Home > Destaque > A tribo do surfe e seus códigos

A tribo do surfe e seus códigos

por | jun 25, 2021 | Colab, Destaque | 7 Comentários

Em 1981 minha família se mudou de um apartamento para uma casa. Mudamos de uma parte adensada da cidade para uma mais residencial e para a minha sorte, na minha rua morava minha melhor amiga Claudia, e seus irmãos mais velhos, Bruno e Alberto Alves, os dois surfistas e aventureiros.

por Paula Rocha

Bruno, o mais velho, tinha uma kombi branca adaptada para ser uma casa. Ele era quase hippie, viajava o tempo todo sempre atrás do swell, que na época aprendi que é o grande responsável pela formação das ondas. Eu que até então fui uma menina de apartamento e clube, de repente descobri que poderia ser livre.

Maranhão. Foto Alberto Alves
Mossoró Foto: Alberto Alves

A Claudia viajava com os irmãos e eu também comecei a viajar com eles. Nosso destino era o litoral sul do Rio de Janeiro, Ubatuba e às vezes litoral norte de São Paulo. Na época não havia aplicativos de previsão de ondas, tudo era no feeling e na observação. Muitas vezes descíamos a pé a estrada para Trindade, em vão, mas tudo era uma curtição. O contato com o mar, com a natureza me fazia muito bem, eu voltava feliz e renovada do final de semana.

Nesta época, Bruno e Alberto já tinham viajado por todo o litoral do Brasil e feito algumas viagens internacionais. Possuíam um acervo precioso de imagens. Eles viajavam e fotografavam tudo: o surfe, o povo, a fauna e a flora locais.
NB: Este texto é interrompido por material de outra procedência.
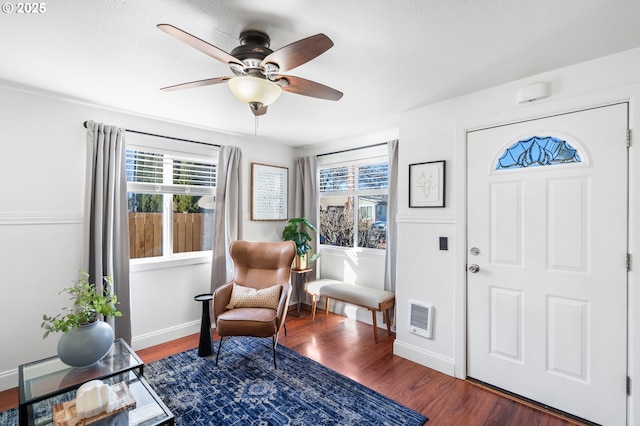 foyer featuring dark hardwood / wood-style floors and ceiling fan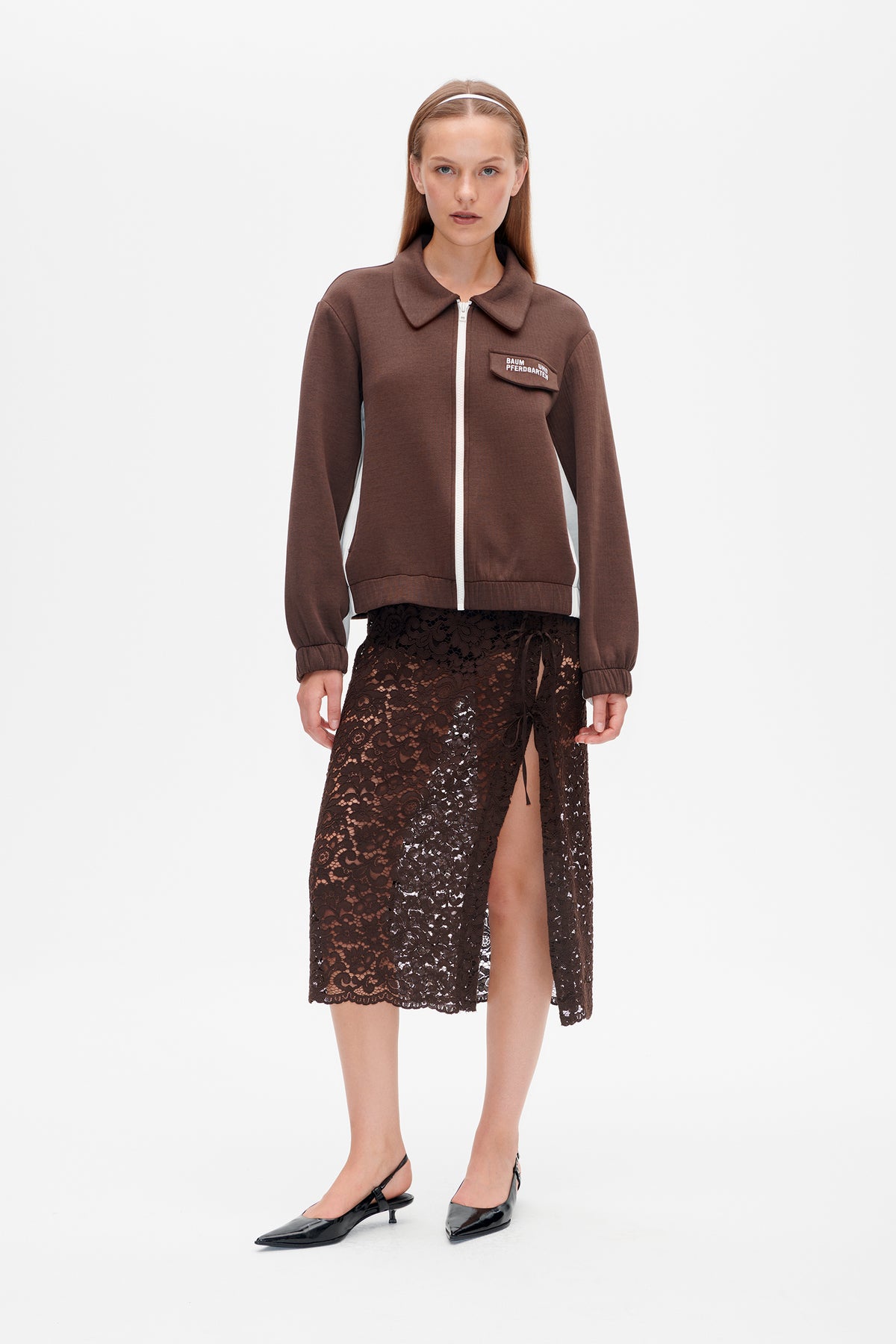 Model wearing a brown zip-front jacket with white trim and chest flap, paired with a dark brown floral lace skirt with side slit.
Era incrível participar das sessões de slides na casa deles com músicas e explicações sobre mundos e culturas muito distantes: Havaí, Bali, Austrália, África do Sul… aprendi muito sobre a cultura desses países e o sobre o surfe naquelas noites. Eu era uma pirralha tentando entender aquele mundo novo que se abrira na minha vida. Observava os códigos, roupas, músicas e linguajar dos frequentadores. As fotos das manobras dos surfistas na água eram muito comentadas e logo entendi o que era uma batida e um cut back, regular (base do surfista, que coloca o pé esquerdo à frente da prancha) e goofy (pé direito à frente). Meus olhos brilhavam fascinados a cada aventura.

Uma noite fui com a Claudia e seus irmãos no Carbono 14, um centro cultural no Bexiga, onde acontecia de tudo na cidade, assistir um filme de surfe. Lá tive a certeza de que tinha encontrado minha tribo!

África do Sul – 1982 Foto: Alberto Alves

Todas as outras pessoas que eu conhecia viajavam no máximo para Miami, Disney e Nova Iorque.

O início da Fluir

Em uma tarde de 1983, Bruno e eu estávamos sentados no meio fio em frente à minha casa e ele me contou que iria montar uma revista de esportes radicais. Já tinham até escolhido o nome: Fluir.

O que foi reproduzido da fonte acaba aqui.